** Data for analysis follows **

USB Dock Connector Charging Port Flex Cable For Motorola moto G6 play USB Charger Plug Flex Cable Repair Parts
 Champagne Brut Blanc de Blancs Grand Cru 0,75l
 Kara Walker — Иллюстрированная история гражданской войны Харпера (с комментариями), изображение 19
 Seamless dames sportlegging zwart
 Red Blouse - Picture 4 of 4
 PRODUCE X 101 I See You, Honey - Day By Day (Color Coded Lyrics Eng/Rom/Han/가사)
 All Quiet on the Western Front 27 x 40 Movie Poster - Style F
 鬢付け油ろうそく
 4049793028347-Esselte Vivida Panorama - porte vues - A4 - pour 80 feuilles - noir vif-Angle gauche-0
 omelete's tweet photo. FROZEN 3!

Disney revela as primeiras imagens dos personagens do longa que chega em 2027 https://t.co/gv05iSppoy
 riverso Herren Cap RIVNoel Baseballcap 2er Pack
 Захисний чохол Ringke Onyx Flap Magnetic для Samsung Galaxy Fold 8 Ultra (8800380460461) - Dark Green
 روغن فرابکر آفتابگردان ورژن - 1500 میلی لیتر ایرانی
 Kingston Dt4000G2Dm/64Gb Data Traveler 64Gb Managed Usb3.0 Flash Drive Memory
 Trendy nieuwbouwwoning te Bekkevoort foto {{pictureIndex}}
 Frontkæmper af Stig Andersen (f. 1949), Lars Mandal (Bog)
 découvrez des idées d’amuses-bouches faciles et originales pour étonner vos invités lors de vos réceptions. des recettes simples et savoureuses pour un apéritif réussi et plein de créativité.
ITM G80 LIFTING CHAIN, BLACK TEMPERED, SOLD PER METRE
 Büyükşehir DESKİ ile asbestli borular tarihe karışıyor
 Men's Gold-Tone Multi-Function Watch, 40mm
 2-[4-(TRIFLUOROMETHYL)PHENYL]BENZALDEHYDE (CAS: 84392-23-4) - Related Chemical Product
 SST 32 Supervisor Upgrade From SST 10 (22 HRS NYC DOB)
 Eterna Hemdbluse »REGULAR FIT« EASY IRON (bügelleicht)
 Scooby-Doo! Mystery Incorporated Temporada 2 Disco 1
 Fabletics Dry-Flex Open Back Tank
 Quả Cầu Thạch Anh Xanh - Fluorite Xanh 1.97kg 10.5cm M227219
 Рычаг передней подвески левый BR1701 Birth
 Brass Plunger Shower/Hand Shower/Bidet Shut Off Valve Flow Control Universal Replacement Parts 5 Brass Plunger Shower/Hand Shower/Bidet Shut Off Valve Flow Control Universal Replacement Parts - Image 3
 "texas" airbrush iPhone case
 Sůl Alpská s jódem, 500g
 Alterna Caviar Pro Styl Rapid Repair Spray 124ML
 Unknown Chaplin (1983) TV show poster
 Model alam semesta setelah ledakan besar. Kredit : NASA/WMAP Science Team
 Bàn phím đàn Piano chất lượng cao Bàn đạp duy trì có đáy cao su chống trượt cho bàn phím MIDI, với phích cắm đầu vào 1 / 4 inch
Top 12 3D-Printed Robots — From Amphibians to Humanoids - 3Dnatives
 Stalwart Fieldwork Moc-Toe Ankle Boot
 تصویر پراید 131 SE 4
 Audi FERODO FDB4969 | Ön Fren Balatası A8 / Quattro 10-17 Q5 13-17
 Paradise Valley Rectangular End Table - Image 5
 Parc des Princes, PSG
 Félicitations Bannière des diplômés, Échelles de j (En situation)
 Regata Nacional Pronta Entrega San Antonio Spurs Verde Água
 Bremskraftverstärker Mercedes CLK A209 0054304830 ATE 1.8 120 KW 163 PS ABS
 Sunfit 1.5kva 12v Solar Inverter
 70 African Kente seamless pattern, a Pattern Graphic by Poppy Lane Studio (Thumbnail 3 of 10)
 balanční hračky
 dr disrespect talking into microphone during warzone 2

** End of Data for analysis **

**Task:** With "Parts" as the search string, filter the records and return each line that has it.

**Written answer:**
USB Dock Connector Charging Port Flex Cable For Motorola moto G6 play USB Charger Plug Flex Cable Repair Parts
 Brass Plunger Shower/Hand Shower/Bidet Shut Off Valve Flow Control Universal Replacement Parts 5 Brass Plunger Shower/Hand Shower/Bidet Shut Off Valve Flow Control Universal Replacement Parts - Image 3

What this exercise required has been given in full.